We want people to see the need, and make changes voluntarily, to understand the rising tide lifting all boats as metaphor, not terrifying reality.
Maybe this can’t be accomplished without a touch of the supernatural. Or at least the communal.
I know lots of intelligent folks who have decided that religion is unnecessary and too often, corrupt. Not to mention unscientific, and populated by people like Jerry Falwell, Jr. or (God help us) Michael Flynn. When it comes to a higher power, they are either skeptics or content to let the mystery be.
And of course, religions have not traditionally done a such a great job of positive social organization, to say the least. Lofty religious doctrine seldom matches its practical human outcomes. Especially the dominant American religion, in all its multiple flavors.

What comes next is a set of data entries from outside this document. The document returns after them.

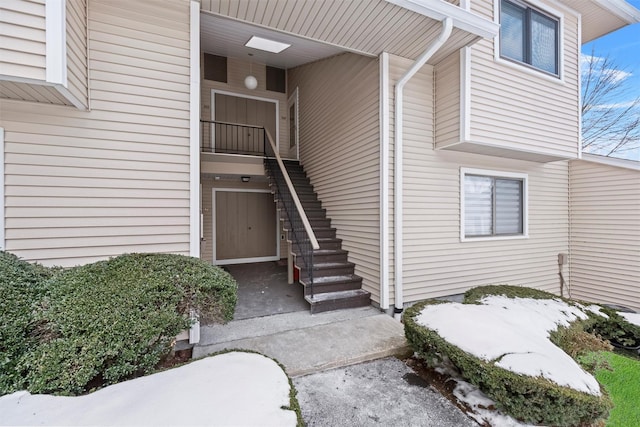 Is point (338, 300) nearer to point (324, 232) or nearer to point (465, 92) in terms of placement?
point (324, 232)

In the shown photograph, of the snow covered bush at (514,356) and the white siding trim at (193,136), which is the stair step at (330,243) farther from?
the white siding trim at (193,136)

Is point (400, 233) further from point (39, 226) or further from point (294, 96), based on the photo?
point (294, 96)

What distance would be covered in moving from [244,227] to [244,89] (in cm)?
399

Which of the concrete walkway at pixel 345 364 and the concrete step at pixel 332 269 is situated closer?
the concrete walkway at pixel 345 364

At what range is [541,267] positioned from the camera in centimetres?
575

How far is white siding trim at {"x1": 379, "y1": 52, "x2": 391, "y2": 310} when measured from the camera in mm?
4191

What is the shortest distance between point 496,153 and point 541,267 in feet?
9.41

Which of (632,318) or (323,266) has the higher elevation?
(323,266)

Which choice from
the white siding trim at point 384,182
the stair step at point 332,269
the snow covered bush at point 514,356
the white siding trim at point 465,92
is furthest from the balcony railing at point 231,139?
the snow covered bush at point 514,356

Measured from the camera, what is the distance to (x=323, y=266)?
477cm

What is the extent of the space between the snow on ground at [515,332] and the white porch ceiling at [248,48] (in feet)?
13.3

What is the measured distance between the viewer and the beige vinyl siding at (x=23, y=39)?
7.03ft

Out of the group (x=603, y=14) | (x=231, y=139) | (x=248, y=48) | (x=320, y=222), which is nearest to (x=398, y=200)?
(x=320, y=222)

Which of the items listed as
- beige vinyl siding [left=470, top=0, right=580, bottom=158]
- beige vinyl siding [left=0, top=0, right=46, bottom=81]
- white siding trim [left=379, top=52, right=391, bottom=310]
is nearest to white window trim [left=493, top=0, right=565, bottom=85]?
beige vinyl siding [left=470, top=0, right=580, bottom=158] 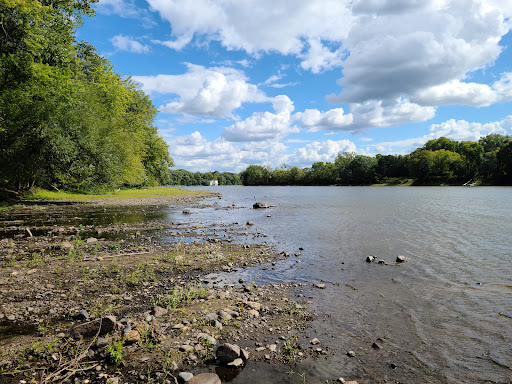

Religion and its varying doctrinal rules and customs have historically been the cause of, not a balm for, conflict. Kind of makes you wonder why parents aren’t mobbing school board meetings demanding that we excise the Crusades and the Spanish Inquisition from the study of world history, because they might make Catholic kids feel bad.
This argument, however—we need a new religion to generate commitment to developing environmentally critical beliefs—can’t be easily dismissed by a joke. I am tempted to suggest that the answer lies in education, the systemic study of belief systems and their commonalities—and agreeing that there are some immutable truths and public goods: Justice. Equity. Respect for all life.
History tells us that the most successful societies match their customs and beliefs to the environment surrounding them. Why can’t the worlds’ teachers, our scholarly trust, unite to point out that the clock is ticking, and our behaviors now will determine the future of our descendants?
For a time, I was a Unitarian Universalist, because they seemed to be focused on valuing nature and human accomplishment, on doing good, promoting peace and staying open to new ideas. It was a heady experience at first—a church that welcomed everyone, focused on intellectual questions, encouraged its members to craft their own faith. Plus hymns and a coffee hour with vegan treats. What’s not to like?
What I discovered is that problems with churches, from the fundamentalist to the loosey-goosey, were centered on the human beings who attended or led those churches. Religious denominations and holy texts are ignored in the face of the power struggles that happen in all organizations. Education is not immune—even the best-resourced schools, on tree-lined neighborhood streets and replete with the newest curricula, are subject to ‘concerned moms’ and their anti-science, anti-literature campaigns.
The question remains: If we want to sustain life, across the globe, we must work together. How can we do this? If we don’t trust our churches and we don’t trust our public schools, and believe our government is on the wrong track, who will lead us toward a vision of sustainable life on the planet we share?
Beats me. Which is why I keep thinking about a new kind of religion. One without a clearly defined God figure, but anchored by a belief in the power of community and good will.
Churches are closing all over the nation, and have been, for decades. I have been a church musician for most of my life, and worked for churches where people were loving and non-judgmental, as well as deeply conflicted congregations. I have also seen, over and over again, people turn to a church when their lives are falling apart, and find comfort.
Maybe what we need is Kurt Vonnegut’s Church of God the Utterly Indifferent. Its two precepts: Puny man can do nothing at all to help or please God Almighty, and Luck is not the hand of God. If God is not going to help us clean up this beautiful world, maybe we’d better get on it.